В военной школе в актовом зале начнется после обеда партийное собрание. Но уже в столовой сквозь стук ложек о миски с макаронным супом прорывались голоса:
— Расстрелять гада…
Прошлый год в кровавых боях красные бойцы сходились с корпусом Слащева. В Симферополе Слащев повесил брата курсанта Бучко. Когда собрались в зале возле знамени, Бучко сказал:
— Пусть меня потом судят, сам застрелю этого…
Ваня сидел, затиснутый стульями, видел спины товарищей в стираных гимнастерках, желтевших, как бледные тыквы на огороде. Помнил осенний с гниющими плетьми огород, на котором под огнем залегла рота. Светлели только огромные тыквы и среди них, как те же тыквы, спины бойцов, и одно отличие на иных — кровавые пятна.
Ваня закипел, вот-вот из глотки вырвется: «Расстрелять!» Но сдержался и выкрикнул:
— Пусть разъяснят!
Выступил Бучко:
— Братнино тело тогда ночью я хотел вынуть из петли.

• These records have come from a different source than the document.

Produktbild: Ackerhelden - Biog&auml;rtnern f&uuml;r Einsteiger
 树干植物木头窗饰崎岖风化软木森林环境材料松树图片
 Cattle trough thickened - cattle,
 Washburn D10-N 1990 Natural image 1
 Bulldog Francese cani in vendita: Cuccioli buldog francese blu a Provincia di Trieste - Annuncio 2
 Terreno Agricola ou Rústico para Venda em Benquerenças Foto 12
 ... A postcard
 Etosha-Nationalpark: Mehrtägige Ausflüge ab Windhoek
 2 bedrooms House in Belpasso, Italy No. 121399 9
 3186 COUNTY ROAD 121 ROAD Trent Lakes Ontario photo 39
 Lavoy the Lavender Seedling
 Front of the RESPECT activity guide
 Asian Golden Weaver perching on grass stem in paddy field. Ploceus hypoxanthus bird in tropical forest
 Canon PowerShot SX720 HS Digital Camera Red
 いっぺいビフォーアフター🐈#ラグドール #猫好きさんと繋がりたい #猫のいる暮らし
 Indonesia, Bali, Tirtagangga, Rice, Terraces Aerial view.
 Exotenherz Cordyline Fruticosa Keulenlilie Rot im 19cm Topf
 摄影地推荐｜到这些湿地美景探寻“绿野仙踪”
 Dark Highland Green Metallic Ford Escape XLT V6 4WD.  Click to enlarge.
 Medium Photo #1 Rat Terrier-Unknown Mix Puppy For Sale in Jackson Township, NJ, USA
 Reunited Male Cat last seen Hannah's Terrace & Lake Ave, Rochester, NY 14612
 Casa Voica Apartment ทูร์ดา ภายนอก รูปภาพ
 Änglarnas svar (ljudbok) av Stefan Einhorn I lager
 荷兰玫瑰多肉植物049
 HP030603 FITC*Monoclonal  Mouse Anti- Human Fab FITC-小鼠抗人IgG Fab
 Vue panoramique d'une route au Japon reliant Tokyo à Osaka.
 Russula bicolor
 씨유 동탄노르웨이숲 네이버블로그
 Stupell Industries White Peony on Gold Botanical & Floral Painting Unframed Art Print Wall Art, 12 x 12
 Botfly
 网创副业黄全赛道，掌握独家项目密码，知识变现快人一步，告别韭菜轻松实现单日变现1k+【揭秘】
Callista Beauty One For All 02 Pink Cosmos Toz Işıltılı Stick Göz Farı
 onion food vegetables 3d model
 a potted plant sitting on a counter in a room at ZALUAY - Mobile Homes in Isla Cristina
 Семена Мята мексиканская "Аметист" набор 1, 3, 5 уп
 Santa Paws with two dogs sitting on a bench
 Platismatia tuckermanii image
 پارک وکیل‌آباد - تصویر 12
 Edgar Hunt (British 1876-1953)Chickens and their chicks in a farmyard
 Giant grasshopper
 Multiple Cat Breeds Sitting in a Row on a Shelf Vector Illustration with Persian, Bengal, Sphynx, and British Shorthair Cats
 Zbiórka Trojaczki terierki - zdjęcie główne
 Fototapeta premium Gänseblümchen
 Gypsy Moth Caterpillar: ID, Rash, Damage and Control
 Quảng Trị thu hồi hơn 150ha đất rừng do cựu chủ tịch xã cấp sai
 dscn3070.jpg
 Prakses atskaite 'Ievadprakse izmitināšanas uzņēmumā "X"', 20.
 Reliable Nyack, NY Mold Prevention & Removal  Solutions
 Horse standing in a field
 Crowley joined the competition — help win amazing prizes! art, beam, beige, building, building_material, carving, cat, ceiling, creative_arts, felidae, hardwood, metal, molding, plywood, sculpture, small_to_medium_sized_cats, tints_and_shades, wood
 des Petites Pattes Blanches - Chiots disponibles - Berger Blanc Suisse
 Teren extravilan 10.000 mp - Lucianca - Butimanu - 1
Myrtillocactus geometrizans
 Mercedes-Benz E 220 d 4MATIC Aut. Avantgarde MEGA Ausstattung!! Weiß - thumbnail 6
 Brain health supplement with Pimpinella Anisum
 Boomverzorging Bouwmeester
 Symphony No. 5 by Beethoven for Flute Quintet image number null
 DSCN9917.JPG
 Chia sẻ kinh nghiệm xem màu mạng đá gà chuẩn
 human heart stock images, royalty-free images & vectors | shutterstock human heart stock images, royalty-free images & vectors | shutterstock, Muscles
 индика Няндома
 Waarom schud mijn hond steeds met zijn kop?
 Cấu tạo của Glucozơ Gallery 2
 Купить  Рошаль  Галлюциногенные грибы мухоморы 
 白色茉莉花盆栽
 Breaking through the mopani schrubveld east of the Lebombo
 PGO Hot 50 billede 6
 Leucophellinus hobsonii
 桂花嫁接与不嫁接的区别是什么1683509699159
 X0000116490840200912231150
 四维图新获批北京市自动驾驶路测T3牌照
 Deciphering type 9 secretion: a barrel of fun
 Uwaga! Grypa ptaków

Но слащевский патруль всадил мне пулю в ногу…
Собрание забушевало:
— Судить… приговорить!..
Ваня заметил опущенные головы раздумывающих. Но большинство уже решило. Ваню все больше кренило к мнению большинства, но он не позволял себе изменить своему понятию: криком ведь не рассудишь, и на деревенских сходах верх берут раздумчивые.
Комиссар предложил подходящую, будто самого Вани, резолюцию: просить командование рассмотреть вопрос. Но комиссар напрасно бился два часа: курсанты продолжали настойчиво требовать, чтобы в резолюции стояло — «расстрелять».
Подошло время ужина. Который раз уже выступил начальник школы:
— Не имеем права решать. Предлагаю собрание закрыть.
Бучко потерял голос, сипел. Вновь вскочил, пытаясь что-то сказать, но товарищи надавили ему на плечи:
— Сиди, твое предложение проголосуем. Не разойдемся…
Поднялся курсант, казавшийся Ване рассудительным. А рассудил:
— Предлагаю резолюцию: расстрела Слащева требует грядущая мировая революция, чтобы ей скорее прийти.
Ваня забыл о Слащеве, выкрикнул:
— Международная революция идет!
Эхо под сводами зала повторило:
— От-от!
— Злейшего врага расстрелять именем революции!
— Кровь наших братьев требует!
— Не расходиться, пригласить председателя трибунала!
Никто не заметил ухода начальника школы, никто и голода не чувствовал, хотя был уже вечер и к тому же полдня не курили. Оттого, может, и распалились… Вдруг весть:
— Фрунзе приехал, Фрунзе!
Оказывается, начальник отлучался звонить в штаб. Фрунзе с двумя ординарцами и секретарем примчался в автомобиле.